On the other side of the ledger, Mirotic's skills would fit Terry Stotts' system to a "T"...as in "Terrific". Though Gibson is mostly cap necessity, he's good enough to keep Portland respectable while Mirotic develops. The Blazers would be worse off in 2015-16 but not abysmal. After that it only gets better.

Portland could also look forward to increased cap space. Together Mirotic and Gibson make less than Aldridge would on a new contract. Knowing they weren't contending next year would allow the Blazers to dump veteran salaries this summer. Chris Kaman and Steve Blake would be unnecessary. They would probably keep Wesley Matthews or Arron Afflalo, not both.

Going young would give the Blazers plenty of incentive to play CJ McCollum and Meyers Leonard, though with Mirotic on board Leonard would probably switch back to center instead of power forward. They could develop Meyers into a "third guard" equivalent in the front court, able to spell Mirotic or their eventual starting center.

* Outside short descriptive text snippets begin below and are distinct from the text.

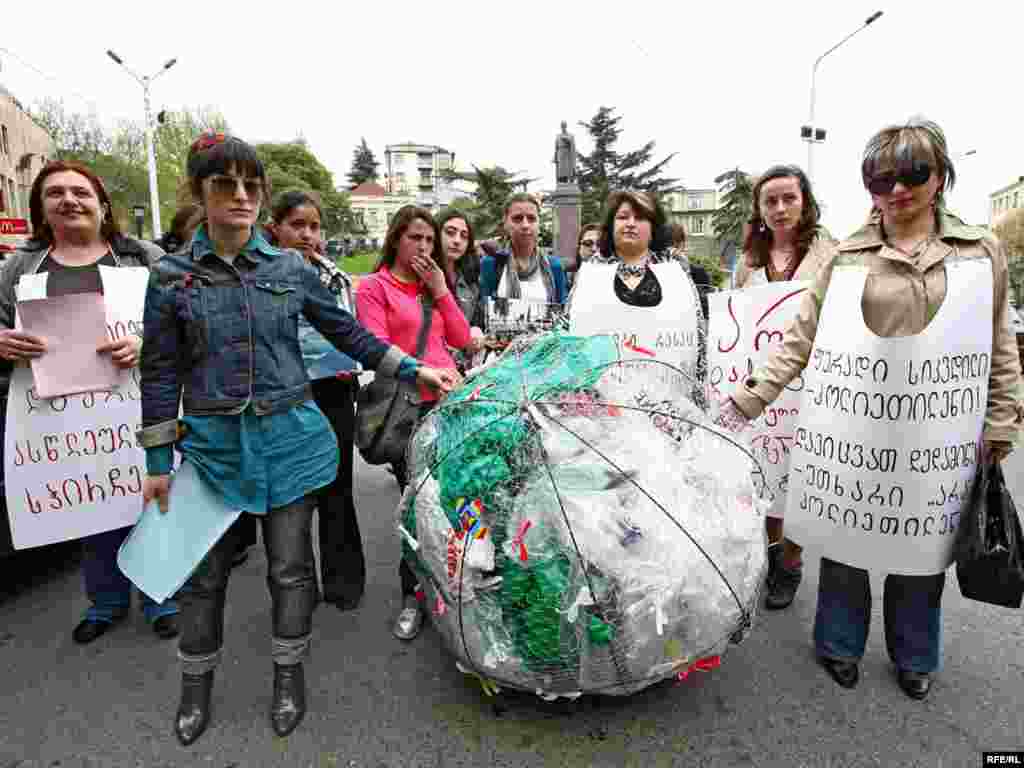 საქართველოში დედამიწის დღე წელს 21-ედ აღნიშნეს. ყველაფერი, რასაც დედამიწას ვესვრით, აუცილებლად უკან დაგვიბრუნდება - ეს არის აქციის სლოგანი, რომელიც დედამიწის საერთაშორისო დღეს მიეძღვნა.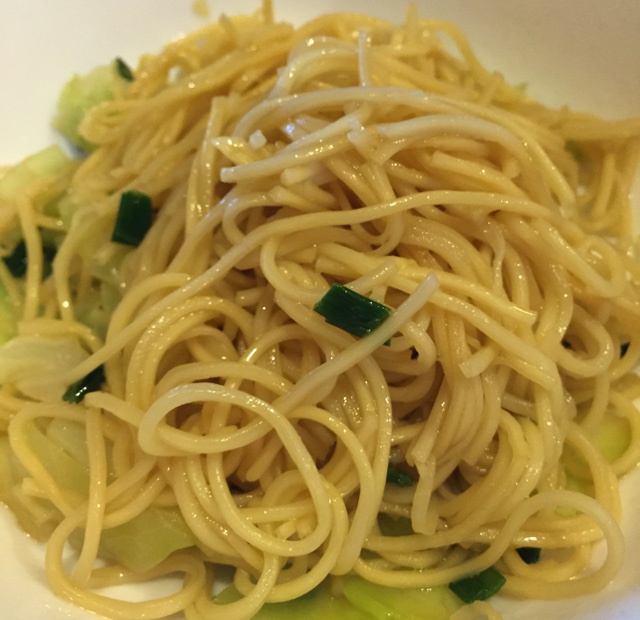 葱爆面—就是汪涵在天天向上里面做的那个啦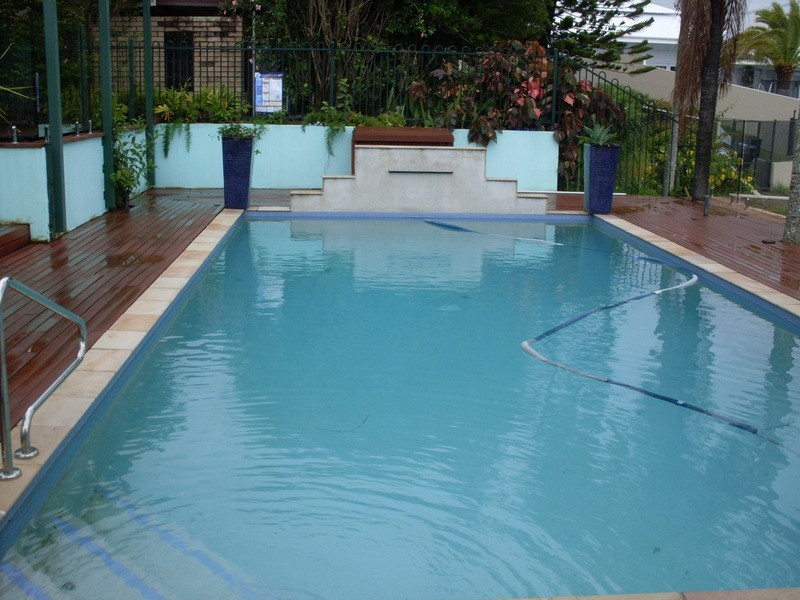 12 Beverley Crescent, Broadbeach Waters QLD 4218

Damian Lillard would remain a centerpiece of the revamped roster but Matthews, Robin Lopez, and eventually Nicolas Batum would be more expendable than they'd be in an Aldridge-centered lineup. The Blazers could keep them on shorter contracts or let them go for cap space. With all three players scheduled to make 8 figures, the potential savings is significant. Or that trio could fill out a nice starting lineup which Portland could bolster with more moderate cap room. Either way the Blazers would gain leverage over the contracts they offer and flexibility over their cap, as opposed to the near-necessity of tying down an expensive starting lineup long-term if Aldridge returns.

Granted, this would herald a return to the, "Wait and see, we've got options" approach that has typified the last three summers. Neil Olshey could just hit "play" on his 2013 interviews and call it a summer. But as far as rebuilds go, it'd be a reasonably short one. Potential cap space in 2015, 2016, and 2017 (depending on who was retained and at what price) plus the development of Mirotic, Lillard, McCollum, Leonard could lead to a fairly nice roster two years down the road.

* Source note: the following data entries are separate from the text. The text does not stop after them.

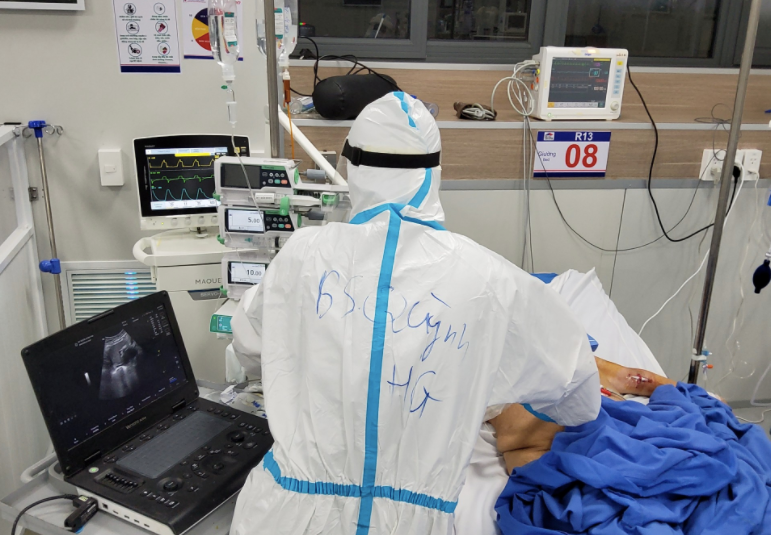 Lại lập đỉnh, Hà Nội lên gần 4.900 ca mới, 801 ca nặng, nguy kịch  - Ảnh 1.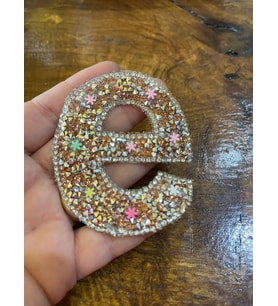 ÜTÜ İLE YAPIŞAN TAŞLI E HARFİ ARMA DDİKİŞ APLİKE 7X6 CM (Turuncu)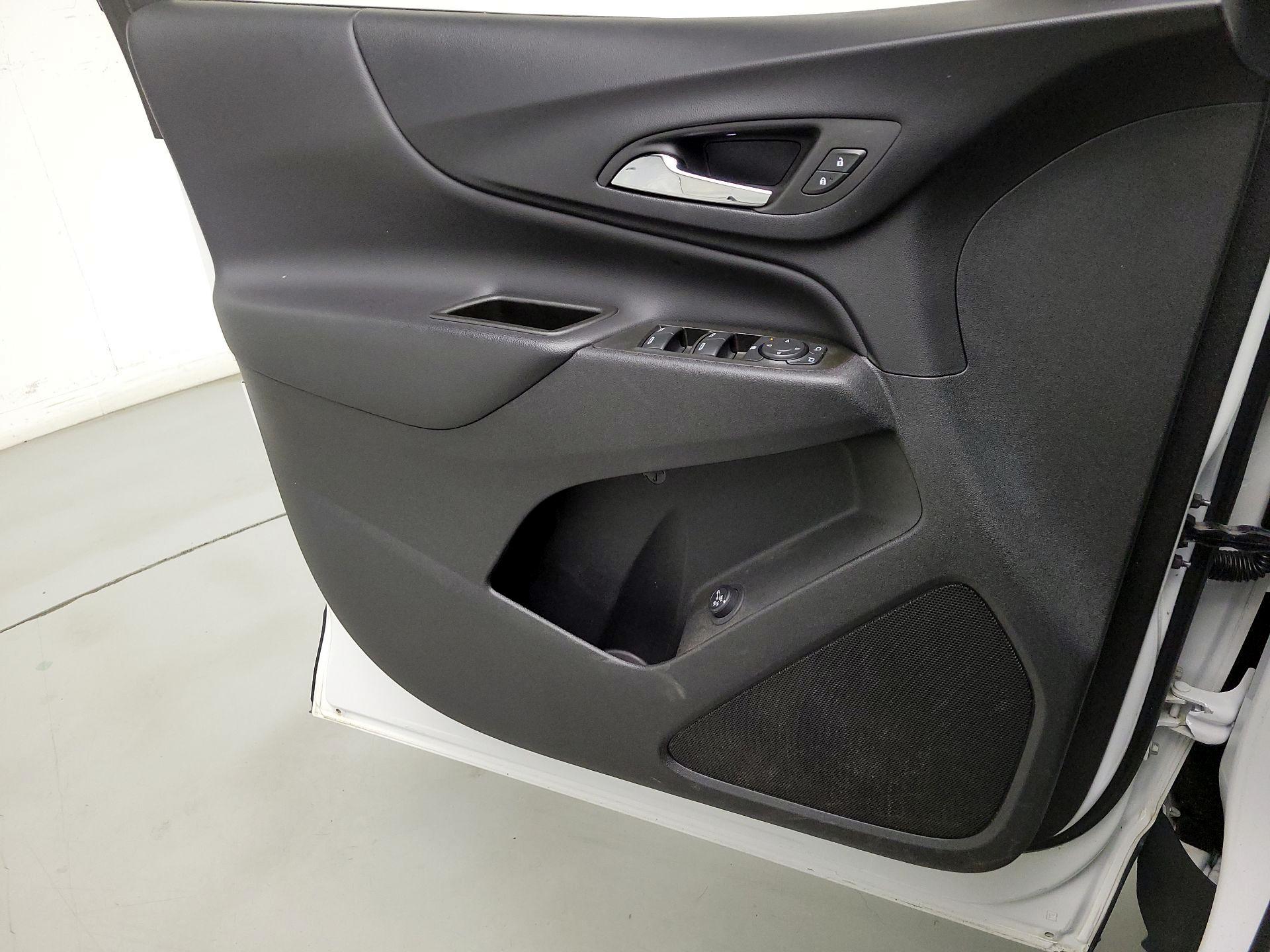 Thumbnail: 2022 Chevrolet Equinox - 12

This scenario isn't perfect but it does illustrate that the Blazers have options. It all depends how much they're willing to sacrifice or, if you prefer, gamble. If they're sure Aldridge will return, the incentive to gamble is small. But if they know he's leaving, swinging for a younger, talented team plus cap space suddenly seems attractive...certainly more attractive than trying to forge ahead on the current course without him.

And yeah, Hannah, I'd probably like this deal. So there you go.